> _WHAT YOU SHOULD DO_: Search the data below for "ceiling"; list each line that holds it.

### INPUT

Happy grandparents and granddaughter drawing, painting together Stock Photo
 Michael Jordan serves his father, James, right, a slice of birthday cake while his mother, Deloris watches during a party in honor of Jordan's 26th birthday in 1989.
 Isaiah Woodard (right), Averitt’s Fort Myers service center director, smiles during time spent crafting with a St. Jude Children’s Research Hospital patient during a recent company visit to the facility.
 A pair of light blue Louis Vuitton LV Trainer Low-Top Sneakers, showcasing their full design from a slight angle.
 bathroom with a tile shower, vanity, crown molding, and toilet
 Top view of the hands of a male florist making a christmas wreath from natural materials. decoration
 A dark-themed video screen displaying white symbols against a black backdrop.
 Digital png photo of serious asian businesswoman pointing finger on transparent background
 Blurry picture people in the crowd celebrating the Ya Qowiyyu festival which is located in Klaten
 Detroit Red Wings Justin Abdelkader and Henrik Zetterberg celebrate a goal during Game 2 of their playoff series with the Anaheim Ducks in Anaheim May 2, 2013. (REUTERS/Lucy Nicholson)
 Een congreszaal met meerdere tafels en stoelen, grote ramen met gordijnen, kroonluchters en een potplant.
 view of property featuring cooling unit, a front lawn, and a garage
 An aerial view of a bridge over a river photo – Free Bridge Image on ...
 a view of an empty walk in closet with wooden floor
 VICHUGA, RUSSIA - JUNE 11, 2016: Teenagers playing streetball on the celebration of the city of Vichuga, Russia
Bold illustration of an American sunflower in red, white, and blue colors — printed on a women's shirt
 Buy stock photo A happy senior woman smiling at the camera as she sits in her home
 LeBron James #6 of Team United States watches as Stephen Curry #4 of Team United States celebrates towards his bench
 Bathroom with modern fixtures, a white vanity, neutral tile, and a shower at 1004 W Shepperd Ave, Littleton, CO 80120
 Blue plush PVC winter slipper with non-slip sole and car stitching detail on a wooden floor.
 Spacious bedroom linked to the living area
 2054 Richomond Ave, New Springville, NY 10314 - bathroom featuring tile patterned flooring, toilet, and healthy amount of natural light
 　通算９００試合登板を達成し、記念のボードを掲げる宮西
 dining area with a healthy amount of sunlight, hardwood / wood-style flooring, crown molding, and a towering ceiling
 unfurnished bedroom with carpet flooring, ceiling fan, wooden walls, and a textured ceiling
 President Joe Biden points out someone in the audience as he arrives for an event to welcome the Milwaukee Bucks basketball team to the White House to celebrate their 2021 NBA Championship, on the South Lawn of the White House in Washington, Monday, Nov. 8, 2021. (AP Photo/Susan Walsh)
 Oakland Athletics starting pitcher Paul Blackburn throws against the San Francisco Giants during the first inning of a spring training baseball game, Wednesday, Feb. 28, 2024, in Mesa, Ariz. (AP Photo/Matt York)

######

> _PROBLEM SOLUTION_:
 dining area with a healthy amount of sunlight, hardwood / wood-style flooring, crown molding, and a towering ceiling
 unfurnished bedroom with carpet flooring, ceiling fan, wooden walls, and a textured ceiling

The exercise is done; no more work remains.